End of yahapalanaya?
Posted on April 27th, 2017

Courtesy The Island

The yahapalana administration has unwittingly admitted that there is only one person with a backbone within its ranks. Cabinet Spokesman Rajitha Senaratne told the media on Wednesday that the government had decided to prove that it had a backbone vis-a-vis what he called politically motivated protests. President Maithripala Sirisena would, he said, put Field Marshal Sarath Fonseka in charge of the armed forces and police to bring order out of chaos.

The government has apparently got cold feet perhaps due to strong public criticism as evident from Minister S. B. Dissanayake’s claim that something President said at a Cabinet meeting in a lighter vein had got blown out of proportion. If so, a statement to that effect should have been issued by either the President’s Office or the Cabinet Spokesman.

Even those who hold Fonseka in high esteem for the role he courageously played in ridding the country of terrorism may look askance at the President’s decision. Fonseka has consented to accept the new role the President wants him to play. A former unsuccessful presidential candidate, he must be happy that he has got an opportunity to boost his image.

The government has demonstrated that it is ready to go to any extent to overcome the so-called wimp factor troubling it and hold on to power. Here is another instance of the yahapalana regime acting in contravention of people’s sovereignty. Voters rejected Fonseka at the last parliamentary election. The UNP brought him to Parliament through the backdoor and made him a minister with no heed for the will of the people. Now, President Sirisena has decided to get him to tame trade unions etc. Thus, people will soon have their right to protest suppressed at the hands of a person they rejected at the last general election!

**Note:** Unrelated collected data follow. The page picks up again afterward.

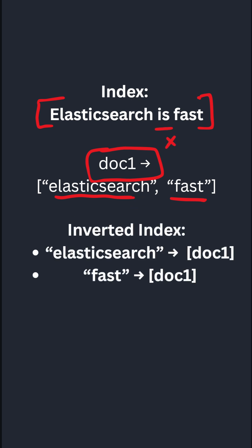As a result, the inverted index that is built is Elasticsearch, the word here, the token corresponding to the document id in which it resides. Same for fast, it is in document1.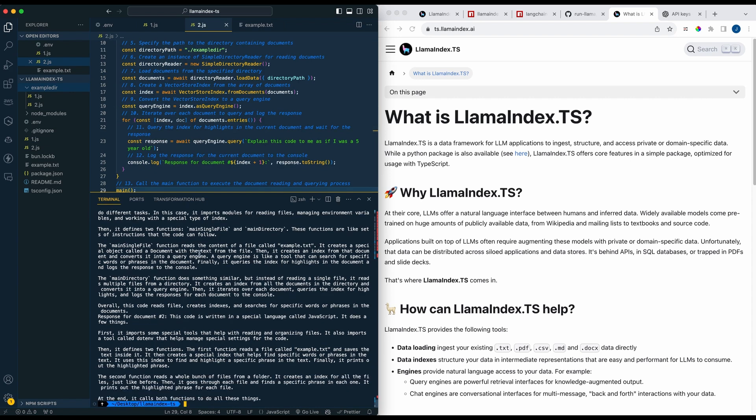So that's pretty much it. This is just a basic example on how you can get started with something like Llama Index, but hopefully you found this video useful. If you did please like, comment, share, and subscribe, and otherwise until the next one.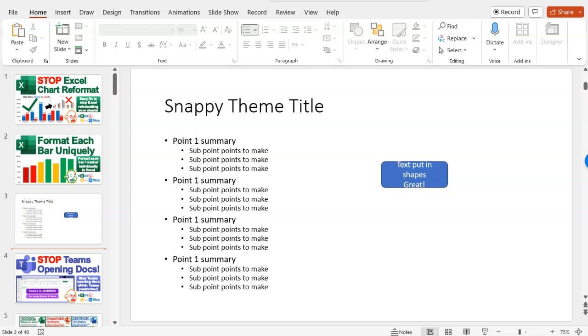Hello, welcome to another Excel at the Office video. My name's Adrian, and today I'm going to show you some more tools and tips on PowerPoint.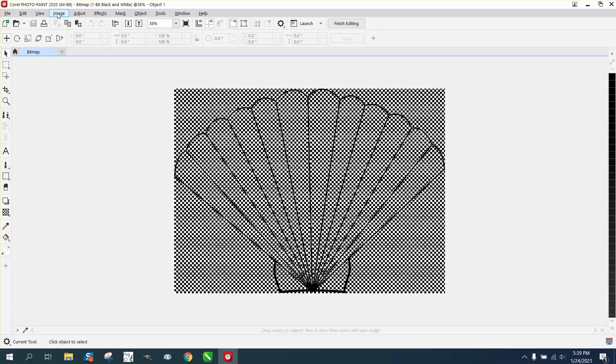I don't use Corel Paint. I need to learn it. And maybe that's the future.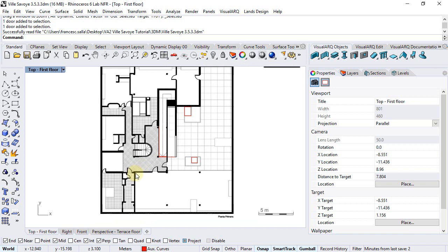Up to this moment we have been using doors from existing styles, now we can see how to create new ones.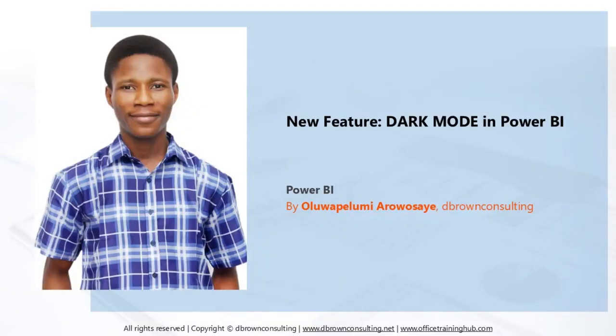Hello everyone, it's Oluwakemi Arushaiye here again. Guess what? The feature we have been waiting for so long in Power BI is here, the dark mode.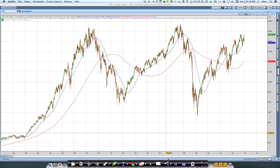Good morning. Today is Saturday, the 5th of January, and a couple of things happened today that made me want to make this video and talk about the history of the SPX.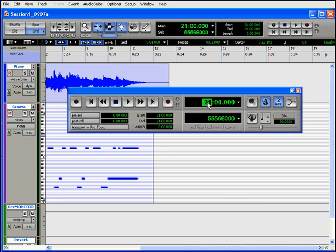Now let's look at the number fields below the transport controls. You can enable a pre-roll. It's white if it's active, same with post-roll. Enabling the pre-roll makes your playback start before the current value in the start field by the time interval you enter in the pre-roll field. The time units you see here will match those of the main location indicator.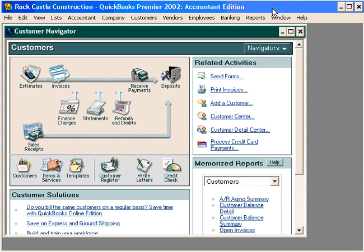Now let's talk about printing invoices. Before we print some invoices, let's talk about a scenario that some of you may use. Some of you may process invoices out of another program like Word or Excel and you still want QuickBooks to track the information.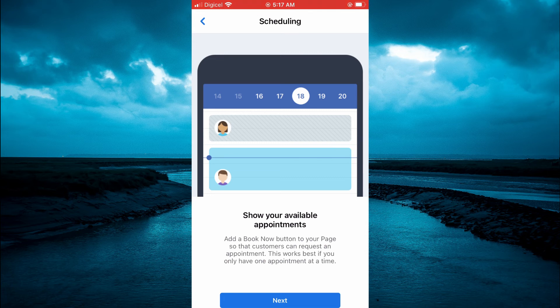You will set up your scheduling and dates, and that's it — you will now have the Book Now button on your Facebook page. Hope you found this video helpful and informative. If you did, be sure to hit the like button and subscribe, and thank you for watching.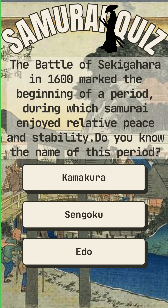The Battle of Sekigahara in 1600 marked the beginning of a period during which samurai enjoyed relative peace and stability. Do you know the name of this period?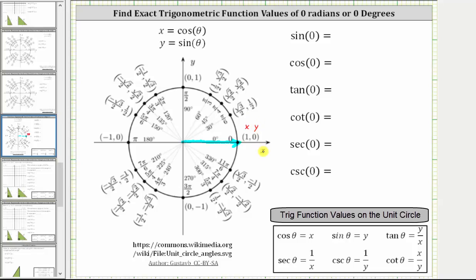Remember on the unit circle, x equals cosine theta and y equals sine theta. And therefore sine zero is equal to the y-coordinate of zero. Cosine zero is equal to the x-coordinate of one.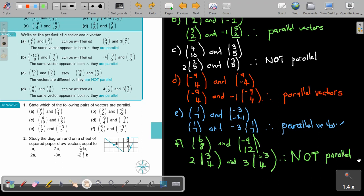And that's how you decide. Always first take out a common factor and then compare the column vectors staying inside the brackets. If it's exactly the same — the sign as well as the number — then it's parallel. If it's not exactly the same, like in this case, it's not parallel.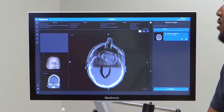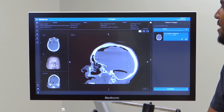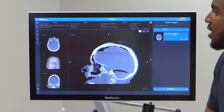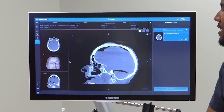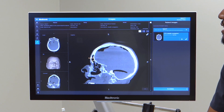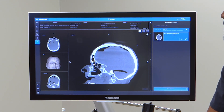Various features to point out on the side include the measure tool. If you click that, you can click and drag to measure anywhere in the anatomy that you'd like to measure.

Now, it is clear that the yahapalana regime has so far acted with some restraint in dealing with protests etc because of its inability to crush them with might and main and not out of any concern for people’s democratic rights. The Rajapaksa regime branded anyone who opposed its autocratic rule a traitor in a bid to justify the suppression of his or her right to dissent. The yahapalana government is using the label, ‘conspirator’, for that purpose.

The self-proclaimed champions of good governance flayed the Rajapaksa government—and rightly so—for ‘militarising society’ by deploying the army and police to curb protests. But, today, they are emulating their predecessor; they have decided to task a former army chief turned minister who still wears military uniform to deal with protesters.

Time was when the yahapalana leaders raked Gotabhaya Rajapaksa, (who left the army much earlier than Fonseka), over the coals for acting like a military person in handling civilians. In fact, he thought and acted like a soldier; he amply demonstrated his demolition skills as the Defence Secretary. He had no qualms about having unauthorised houses pulled down. He simply bulldozed his way through. Now, they want Fonseka to play a similar role under the present dispensation!

The yahapalana regime and its immediate predecessor are Tweedledum and Tweedledee where corruption is concerned. Former Central Bank Deputy Governor Dr. W. A. Wijewardena, who was a bitter critic of the Rajapaksa government, has told the Presidential Commission of Inquiry probing bond scams that the bond rackets have cost the state coffers Rs. 10 billion. The Central bank professionals have revealed that the Employees’ Provident Fund has also suffered a loss of Rs. 10 bn due to bond scams. But, the culprits are still free and there is no end to probes though there is irrefutable, incriminating evidence against them. The only discernible difference between the two governments is that people have so far had some freedom to express their dissent. The champions of yahapalana are now all out to deprive the public of that freedom.

Fonseka stands accused of his involvement in attacks on journalists. It may be recalled that the UNP, making a special statement, told Parliament in 2008 that Fonseka as the then Army Commander had under him a special army team which carried out attacks on media persons under the Rajapaksa regime. Crimes against journalists in the past are being probed at present. Doesn’t President Sirisena think his decision to put Fonseka in charge of the armed forces and police will lead to a conflict of interest?

Fonseka has had no experience in handling public protests democratically because he has never faced such situations as a politician. True, he is back in Civvy Street, but the fact remains that he still walks like a soldier, talks like a soldier, thinks like a soldier and acts like a soldier. How he will try to bring order out of chaos is not difficult to guess.

It is hoped that at this rate the much-dreaded White Vans which the previous regime was notorious for won’t make a comeback with a ‘vengeance’.